Hacker News new | ask | show | jobs
by AnIdiotOnTheNet 2755 days ago
How many neurons does it take to make a consciousness?

The thing about consciousness is that you can't really define it. You know you have it because you experience it. You assume that other humans have it because they are like you. You might further assume that certain other beings have it because they are also like you in many ways (though you'd likely disagree with the idea that theirs is as meaningful as yours).

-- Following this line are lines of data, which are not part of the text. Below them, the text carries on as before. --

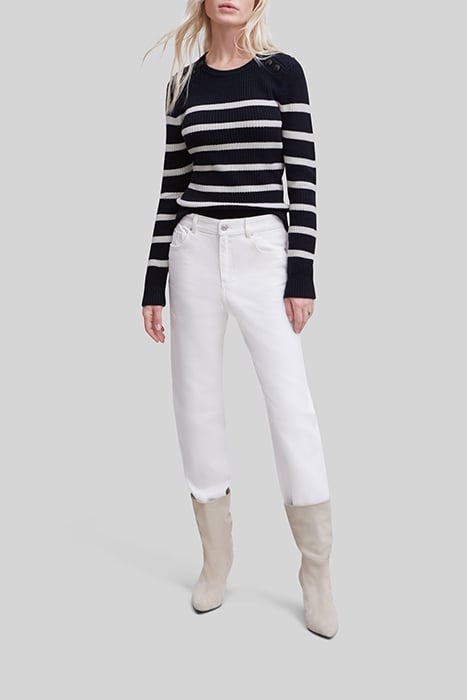 NAVY KNIT SWEATER WITH ANCHOR BUTTONS 3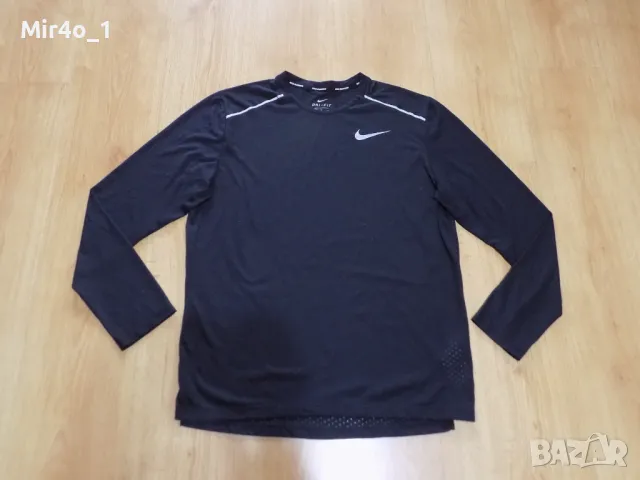 тениска nike running найк потник блуза худи екип оригинална спортна фитнес крос мъжка M 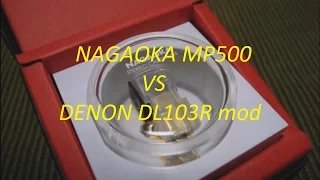 Nagaoka MP500 last 25 hours tested vs Denon DL 103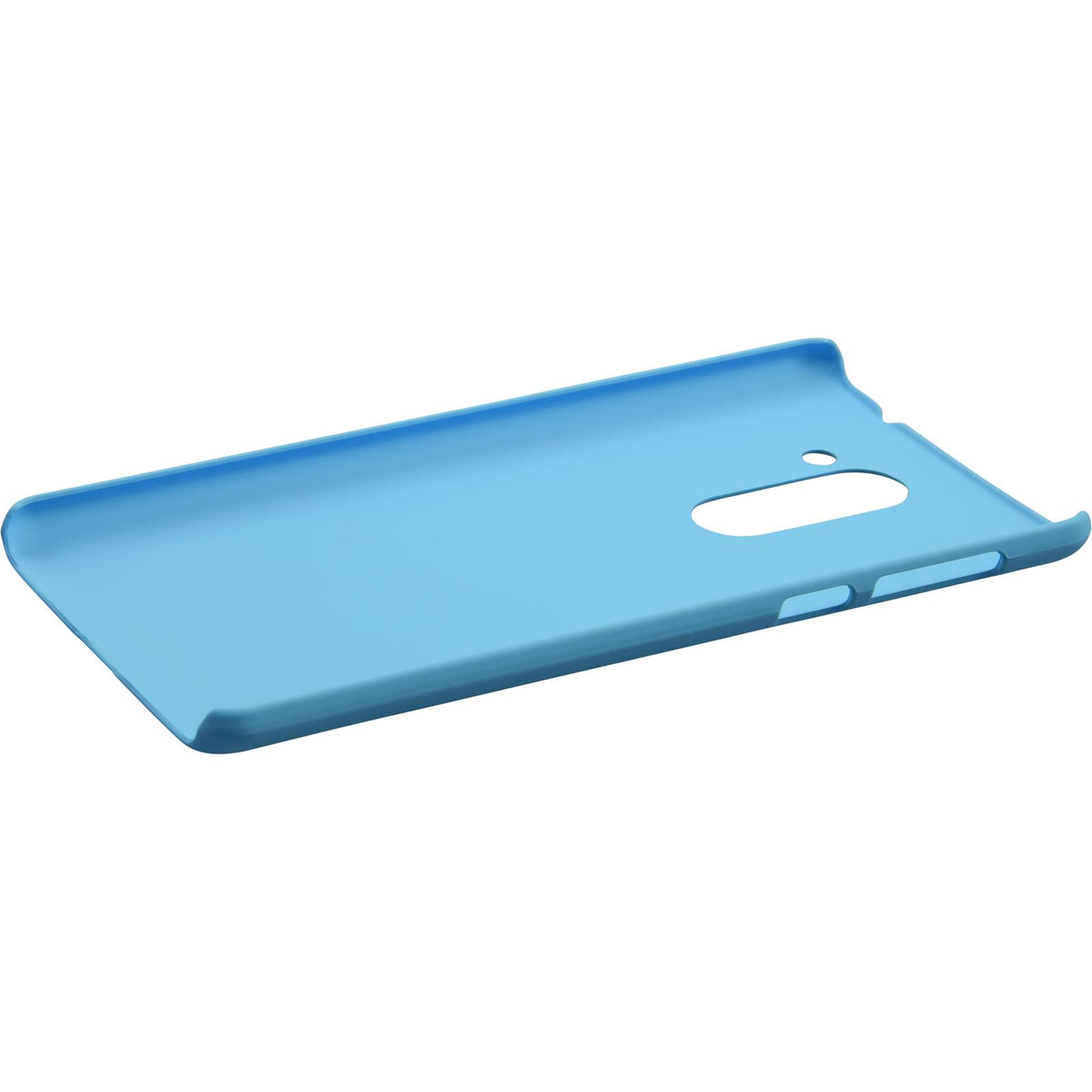 Case für Huawei Honor 6x - Hülle hellblau gummiert Hard-case – Ansicht 4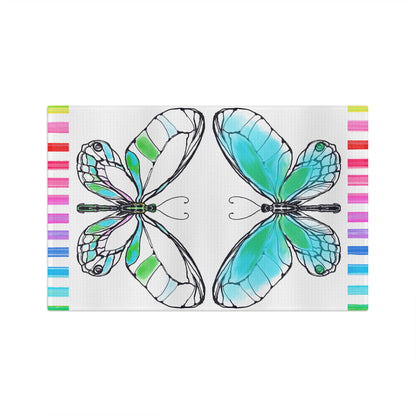 Flutterstripe Microfiber Tea Towel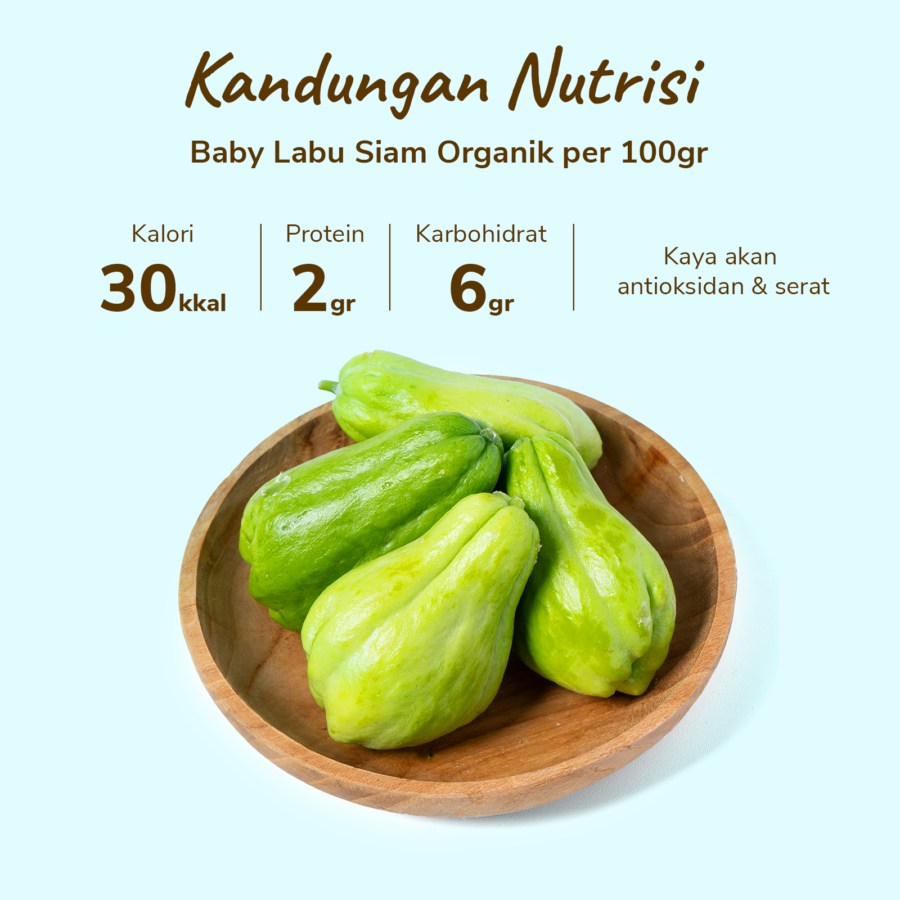 Baby Labu Siam Organik 250gram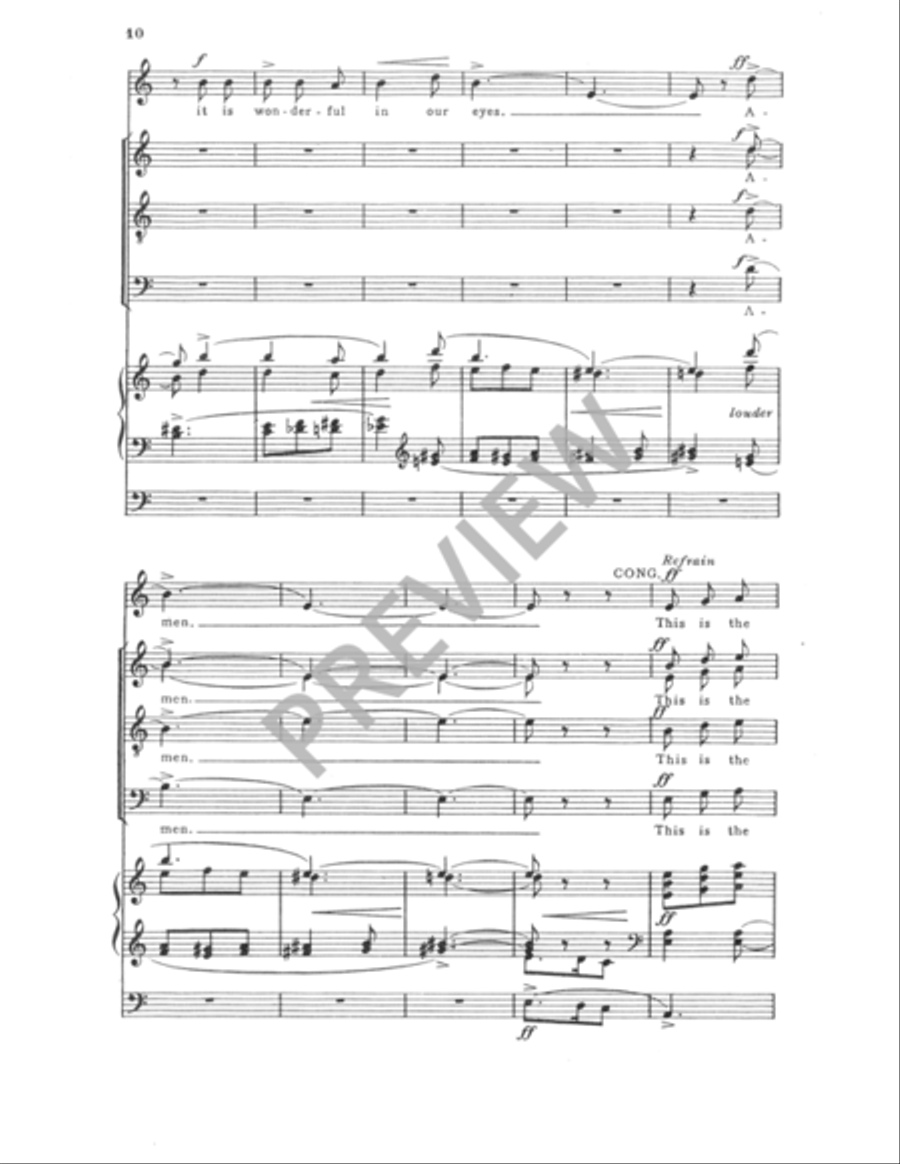 Psalm for Easter 4-Part scores gallery preview page 11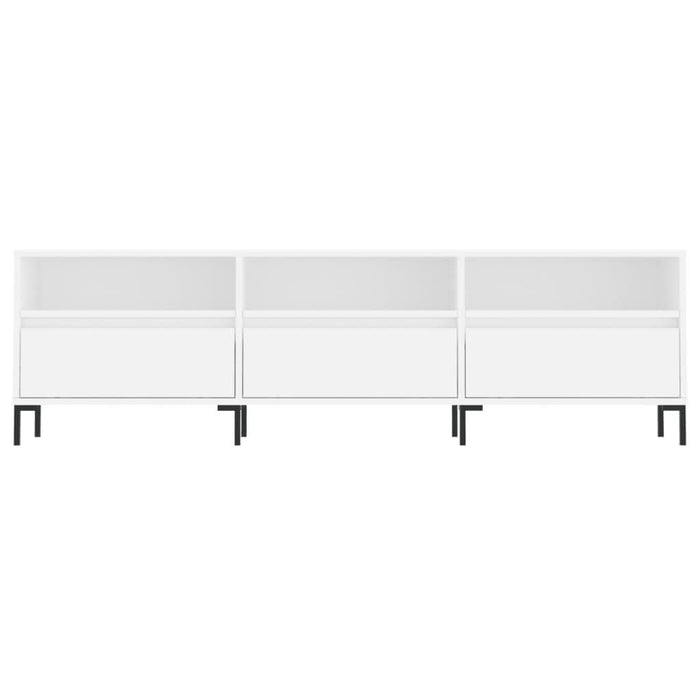 Comodă TV, alb, 150x30x44,5 cm, lemn prelucrat - WALTI WALTI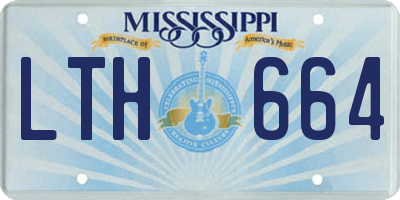 MS license plate LTH664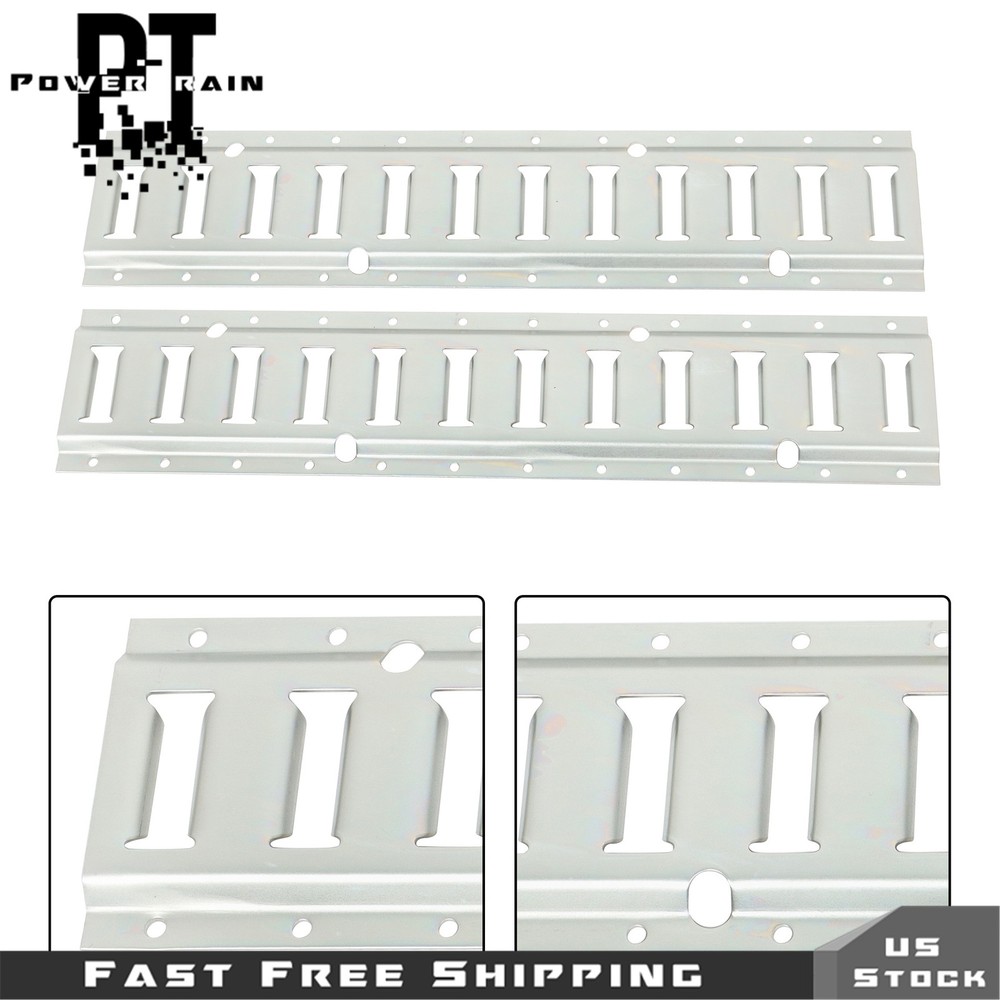 4 Pack 2' E Track Tie Down Rail Kit Silver Rail Enclosed Cargo Trailer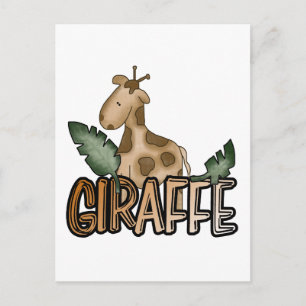 Giraffe Tshirts und Geschenke Postkarte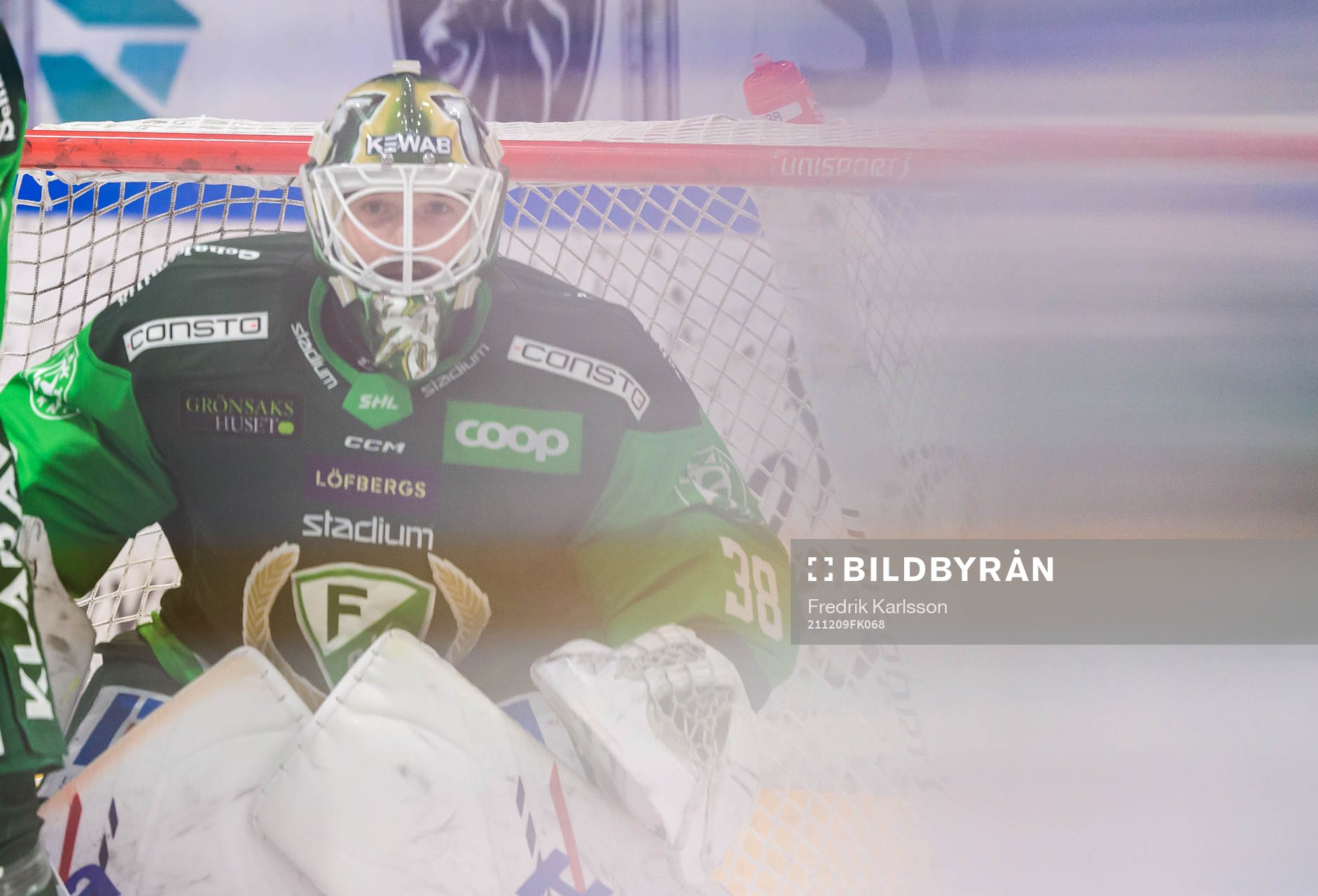 Färjestads målvakt Dominik Furch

But you can't prove any of it. You can only say that certain things react to certain stimuli in certain ways, which describes everything in the universe. Is it really that much of a stretch, then, to suggest that perhaps everything in the universe has some form of awareness, some experience of things, albeit probably too different from our own to comprehend?

2 comments

Perhaps consciousness is not a crisp yes/no choice but a gradient... Dolphins are conscious but to a degree less than humans, likewise mice less than dolphins and so on.
Perhaps, and perhaps a person with Down's Syndrome has a lesser consciousness as well, but we have no way of knowing that. Personally I think it is pretty arrogant and shot-sighted of us to think that our experience of the universe is somehow better and more real than anything else's.
We don't know that yet, but there isn't functionality without the network
How much functionality is required? Where is the line? Human beings can live and interact with the world with fully half of their brain removed. Are they conscious? What about Asplanchna brightwellii and its 200 or so neurons?